What it doesn’t do is convey any information about the product being sold. At this stage, all prospective buyers have to go on is the location (which is crucial, of course) and the look of the property from outside. If pimping your crib on the street has any value, it’s surely worth throwing the passing punter a bit more of a bone – not to mention hitting them with a more in-your-face call to action.

Here’s an attempt at doing just that (completely unofficial, see disclaimer below):


Now, you’re probably thinking that the average seller won’t want that stuff publicly on display – particularly their asking price. But all this data is freely available at the agent’s office, in the local paper and, most immediately of all, online. Interested house-hunters with smartphones can be looking at the info in seconds, even while they’re standing outside the property. So why put them to the trouble when you can use the features to draw them in at the outset?
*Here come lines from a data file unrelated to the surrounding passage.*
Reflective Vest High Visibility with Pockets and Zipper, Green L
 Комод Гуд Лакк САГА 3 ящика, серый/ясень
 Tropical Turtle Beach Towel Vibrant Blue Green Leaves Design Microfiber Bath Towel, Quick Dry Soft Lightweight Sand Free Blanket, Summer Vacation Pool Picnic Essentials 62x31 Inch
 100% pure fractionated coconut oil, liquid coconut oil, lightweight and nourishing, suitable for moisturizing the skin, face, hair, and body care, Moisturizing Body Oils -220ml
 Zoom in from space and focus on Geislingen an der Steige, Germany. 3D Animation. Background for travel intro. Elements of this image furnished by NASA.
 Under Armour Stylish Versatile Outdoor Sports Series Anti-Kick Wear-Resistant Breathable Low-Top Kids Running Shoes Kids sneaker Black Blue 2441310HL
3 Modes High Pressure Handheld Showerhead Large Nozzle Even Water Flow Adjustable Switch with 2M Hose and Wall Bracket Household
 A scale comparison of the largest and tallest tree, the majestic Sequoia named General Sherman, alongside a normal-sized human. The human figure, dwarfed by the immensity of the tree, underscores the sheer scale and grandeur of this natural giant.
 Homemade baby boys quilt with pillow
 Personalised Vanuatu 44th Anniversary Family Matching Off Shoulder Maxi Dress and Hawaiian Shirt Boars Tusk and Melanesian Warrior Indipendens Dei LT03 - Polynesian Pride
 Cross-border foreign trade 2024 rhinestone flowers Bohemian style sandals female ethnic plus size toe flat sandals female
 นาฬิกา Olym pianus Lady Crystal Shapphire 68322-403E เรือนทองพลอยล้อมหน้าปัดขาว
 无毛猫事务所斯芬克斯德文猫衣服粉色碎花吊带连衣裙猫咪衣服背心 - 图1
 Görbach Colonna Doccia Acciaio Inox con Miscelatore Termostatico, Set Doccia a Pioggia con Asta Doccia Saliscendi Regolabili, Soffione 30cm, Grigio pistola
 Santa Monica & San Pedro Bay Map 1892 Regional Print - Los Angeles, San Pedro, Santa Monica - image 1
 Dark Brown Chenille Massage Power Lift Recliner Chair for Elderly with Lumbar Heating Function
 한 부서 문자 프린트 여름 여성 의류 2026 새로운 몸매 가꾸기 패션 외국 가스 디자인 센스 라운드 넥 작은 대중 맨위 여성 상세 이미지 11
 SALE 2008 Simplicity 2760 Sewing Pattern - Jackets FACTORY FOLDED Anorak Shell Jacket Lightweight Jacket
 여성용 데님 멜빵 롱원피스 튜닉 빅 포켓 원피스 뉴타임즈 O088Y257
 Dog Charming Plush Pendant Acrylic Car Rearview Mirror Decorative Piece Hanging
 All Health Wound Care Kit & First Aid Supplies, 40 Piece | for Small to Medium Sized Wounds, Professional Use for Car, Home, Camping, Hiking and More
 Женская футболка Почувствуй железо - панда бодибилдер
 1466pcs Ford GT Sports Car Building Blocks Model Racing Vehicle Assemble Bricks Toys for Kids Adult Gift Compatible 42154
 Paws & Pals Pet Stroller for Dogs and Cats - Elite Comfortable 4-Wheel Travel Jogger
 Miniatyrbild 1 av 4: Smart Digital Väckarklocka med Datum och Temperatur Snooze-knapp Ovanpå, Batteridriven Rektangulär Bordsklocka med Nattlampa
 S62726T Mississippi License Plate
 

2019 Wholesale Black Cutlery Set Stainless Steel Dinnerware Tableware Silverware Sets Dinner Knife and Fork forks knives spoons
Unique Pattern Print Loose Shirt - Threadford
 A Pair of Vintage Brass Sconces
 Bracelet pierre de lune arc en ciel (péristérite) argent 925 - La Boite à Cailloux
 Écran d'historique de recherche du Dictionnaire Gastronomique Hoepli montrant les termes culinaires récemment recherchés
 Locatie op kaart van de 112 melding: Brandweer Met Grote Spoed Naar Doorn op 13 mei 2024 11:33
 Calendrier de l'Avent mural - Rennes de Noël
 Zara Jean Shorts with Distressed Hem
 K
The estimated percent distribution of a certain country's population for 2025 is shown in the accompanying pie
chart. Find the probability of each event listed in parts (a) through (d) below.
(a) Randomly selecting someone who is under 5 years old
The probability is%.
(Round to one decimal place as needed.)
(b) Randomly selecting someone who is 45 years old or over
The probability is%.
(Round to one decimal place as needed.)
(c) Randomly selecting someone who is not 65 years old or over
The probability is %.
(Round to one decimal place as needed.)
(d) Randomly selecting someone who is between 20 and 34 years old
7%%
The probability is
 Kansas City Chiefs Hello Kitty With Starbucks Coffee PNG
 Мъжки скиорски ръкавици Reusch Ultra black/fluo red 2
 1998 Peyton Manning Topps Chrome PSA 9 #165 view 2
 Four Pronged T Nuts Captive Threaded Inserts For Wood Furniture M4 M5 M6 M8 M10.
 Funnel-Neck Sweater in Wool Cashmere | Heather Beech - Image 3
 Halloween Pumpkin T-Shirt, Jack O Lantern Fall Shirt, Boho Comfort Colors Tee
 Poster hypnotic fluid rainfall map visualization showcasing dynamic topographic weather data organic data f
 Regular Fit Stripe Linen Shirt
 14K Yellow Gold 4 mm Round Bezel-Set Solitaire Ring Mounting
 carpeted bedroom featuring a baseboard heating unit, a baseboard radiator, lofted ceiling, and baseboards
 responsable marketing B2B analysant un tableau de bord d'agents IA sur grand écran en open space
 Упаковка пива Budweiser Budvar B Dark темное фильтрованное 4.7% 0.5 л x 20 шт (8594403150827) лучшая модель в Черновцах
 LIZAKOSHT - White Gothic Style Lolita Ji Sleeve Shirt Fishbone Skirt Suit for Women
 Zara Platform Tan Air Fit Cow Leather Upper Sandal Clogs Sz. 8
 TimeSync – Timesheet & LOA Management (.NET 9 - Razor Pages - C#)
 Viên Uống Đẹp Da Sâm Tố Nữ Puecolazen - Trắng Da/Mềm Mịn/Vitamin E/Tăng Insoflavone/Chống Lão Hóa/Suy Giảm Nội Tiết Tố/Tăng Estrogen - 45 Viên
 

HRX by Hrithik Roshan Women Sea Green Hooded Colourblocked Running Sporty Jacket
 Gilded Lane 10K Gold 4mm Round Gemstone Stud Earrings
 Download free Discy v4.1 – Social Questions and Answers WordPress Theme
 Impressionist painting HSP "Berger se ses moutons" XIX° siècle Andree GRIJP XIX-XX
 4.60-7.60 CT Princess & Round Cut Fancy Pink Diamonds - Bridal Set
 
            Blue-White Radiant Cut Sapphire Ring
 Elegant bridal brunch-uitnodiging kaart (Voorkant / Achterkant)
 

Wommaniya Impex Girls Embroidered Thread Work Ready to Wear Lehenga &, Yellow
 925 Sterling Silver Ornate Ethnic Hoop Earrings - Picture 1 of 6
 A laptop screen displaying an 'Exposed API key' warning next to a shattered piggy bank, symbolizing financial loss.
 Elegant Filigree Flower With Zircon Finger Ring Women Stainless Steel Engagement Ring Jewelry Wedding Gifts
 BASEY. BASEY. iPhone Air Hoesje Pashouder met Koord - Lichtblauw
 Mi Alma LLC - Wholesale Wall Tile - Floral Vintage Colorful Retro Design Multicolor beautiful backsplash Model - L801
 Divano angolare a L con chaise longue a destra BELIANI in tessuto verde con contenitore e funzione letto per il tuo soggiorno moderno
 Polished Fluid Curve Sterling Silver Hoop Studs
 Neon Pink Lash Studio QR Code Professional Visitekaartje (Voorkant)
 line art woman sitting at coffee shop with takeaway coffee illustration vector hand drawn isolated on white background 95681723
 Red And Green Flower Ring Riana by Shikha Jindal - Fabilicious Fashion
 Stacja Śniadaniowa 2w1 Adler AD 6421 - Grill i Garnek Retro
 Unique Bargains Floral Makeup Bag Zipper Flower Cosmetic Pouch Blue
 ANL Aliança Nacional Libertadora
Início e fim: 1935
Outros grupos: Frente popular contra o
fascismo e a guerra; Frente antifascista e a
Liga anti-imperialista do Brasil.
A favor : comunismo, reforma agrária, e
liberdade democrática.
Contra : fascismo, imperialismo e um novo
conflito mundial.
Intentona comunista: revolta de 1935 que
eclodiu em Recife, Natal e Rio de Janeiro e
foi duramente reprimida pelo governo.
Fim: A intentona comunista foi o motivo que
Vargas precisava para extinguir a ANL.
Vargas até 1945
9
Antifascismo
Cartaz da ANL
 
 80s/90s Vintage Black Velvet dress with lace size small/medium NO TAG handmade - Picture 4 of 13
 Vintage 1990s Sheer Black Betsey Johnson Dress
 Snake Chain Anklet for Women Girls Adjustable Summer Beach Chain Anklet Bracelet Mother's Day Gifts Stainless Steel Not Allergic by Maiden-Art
Furthermore, with a little sprinkling of information design, we can communicate the key facts more economically, leaving more graphical real estate free to describe other features that might be more attractive to buyers:


Now, as any copywriter will tell you, benefits are more powerful than features – you should always sell the sizzle rather than the sausage. In this context, I’d suggest that means giving the audience a vivid picture of what it would be like to live in the property. Because we’re not selling a house here, we’re selling a lifestyle. So a more adventurous version might look like this:


But why stop there? Once this approach becomes industry standard, as it surely will, a bog-standard tone of voice will no longer cut through. Forward-thinking estate agents will want to stand out from the crowd – and what better way to do that than with some Innocent-style wackywriting?


OK, that might be a step too far, but you take the point. With just a little extra cost and effort, these signs could be working a whole lot harder to close a sale. Estate agents, put your house in order!

  • The images in this post are for entertainment only. They have no official connection with William H. Brown and were not commissioned, approved or endorsed by them. No copyright infringement intended.
  • A French translation of this post appears at Stereotexte.